En second lieu, Michel est accusé d'avoir livré aux agents de cette même puissance étrangere le secret des expéditions militaires, dont il étoit instruit, à raison de son état.

Les débats et les aveux de Michel ont encore dû vous offrir les éléments propres à déterminer votre conviction sur ce second

chef d'accusation.

On vous a dit, Messieurs, que, suivant le code de 1791, ce crime n'étoit punissable, que lorsqu'il avoit été commis par des fonctionnaires publics.

Mais l'article 80 du code pénal de 1810 punit également tout fonctionnaire public, tout agent du Gouvernement, oU TOUTE AUTRE PERSONNÉ qui aura livré le secret dont elle étoit instruite.

Or, la trahison de Michel, qui, de son aveu, remonte à huit ou neuf ans, ne s'est-elle pas continuée avec beaucoup plus d'activité en 1810 et 1812, nous voulons dire depuis le nouveau Code pénal?

On a plaidé que, dans ces derniers temps, Michel, n'étant plus employé au bureau du mouvement, n'étoit plus instruit, à raison de son état, du secret des expéditions, qu'il a livré ; et qu'il ne s'est procuré ce secret, qu'en corrompant d'autres employés que vous voyez traduits devant la Cour, comme ses complices.

Mais n'est-il pas convenu dans l'instruction, et sur-tout aux débats, qu'il avoit fourni lui-même personnellement une partie des renseignements qui ont servi à la rédaction du grand travail, mis au net par Salmon et donné par Michel à M. Krafft.

Salmon ne vous a-t-il pas déclaré, qu'il avoit expédié ce grand travail sur des notes écrites en partie de la main de Michel?

Ces renseignements, ces notes, comment Michel se les étoit-il procurés?-Les uns, par Saget.-Les autres, parlui-même, dans le temps qu'il étoit employé au bureau du mouvement: telles étoient les notions générales qu'il avoit prises, dans ce bureau sur la force des divers corps.
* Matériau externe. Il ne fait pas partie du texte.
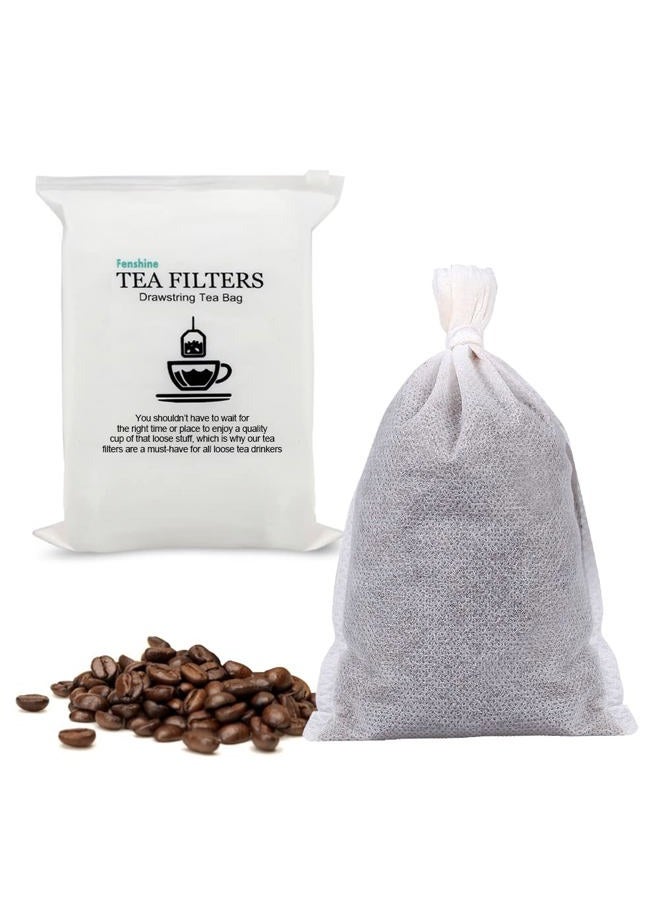 Fenshine 100Pcs Large Tea Bag - Disposable Empty Tea Filter Bags No Mess Mesh Bags with Drawstring for Concentrate/Iced Coffee, Herb, Loose Leaf Tea - Image 1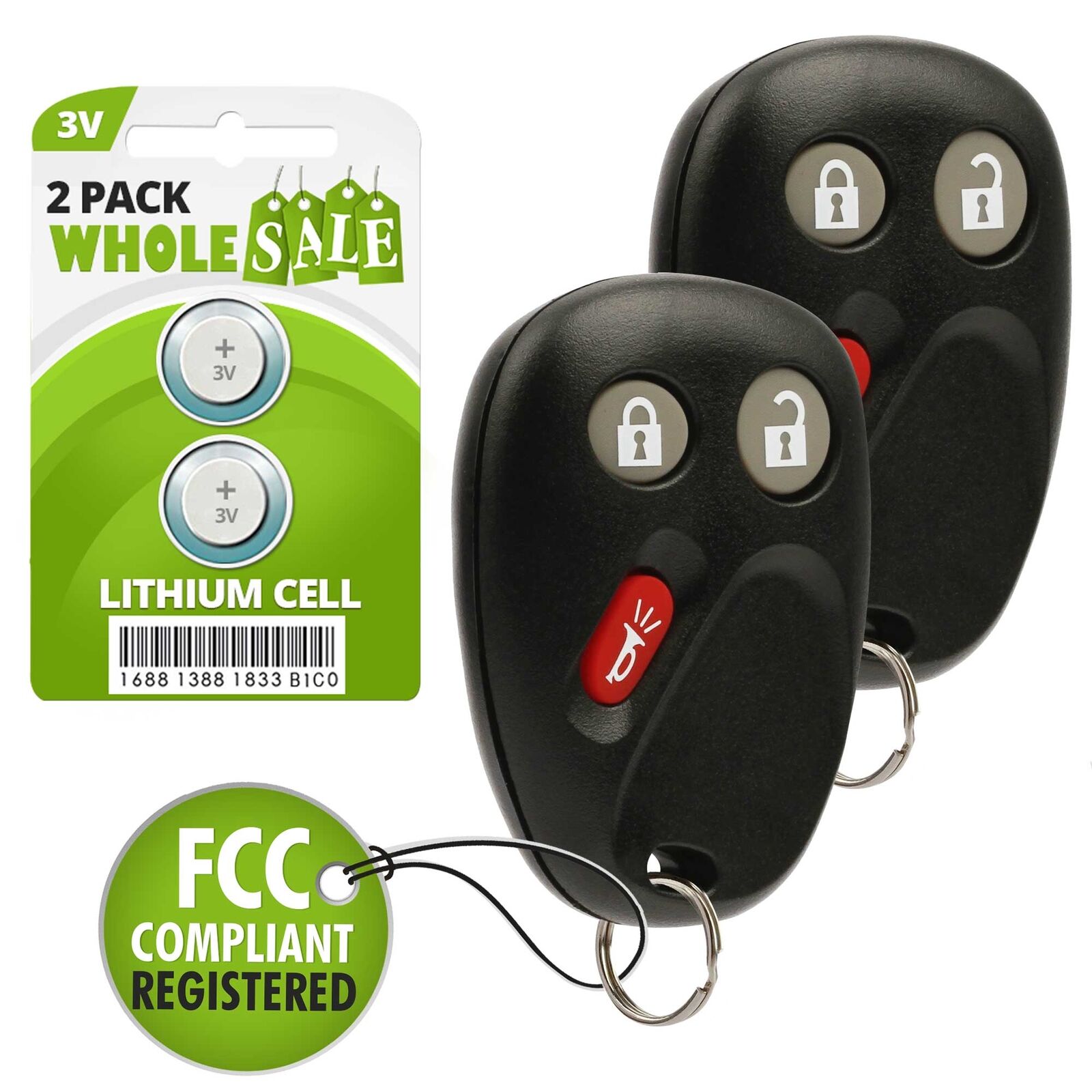 2 Replacement For 2003 2004 2005 2006 Chevrolet Tahoe Key Fob Remote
D'autres enfin, par le livret d'emplacement qui existe dans différents bureaux, notamment dans celui de l'habillement, où il étoit employé, à l'époque de son arrestation.

Rappelez-vous, Messieurs, qu'il a sans cesse soutenu, devant vous, avoir puisé une partie des renseignements dans ce livret d'emplacement. Or, ce livret d'emplacement étoit déposé dans son bureau, C'est en sa qualité d'employé, c'est à raison

de son état qu'il a eu connoissance de ce même livret, et qu'il en a pris communication.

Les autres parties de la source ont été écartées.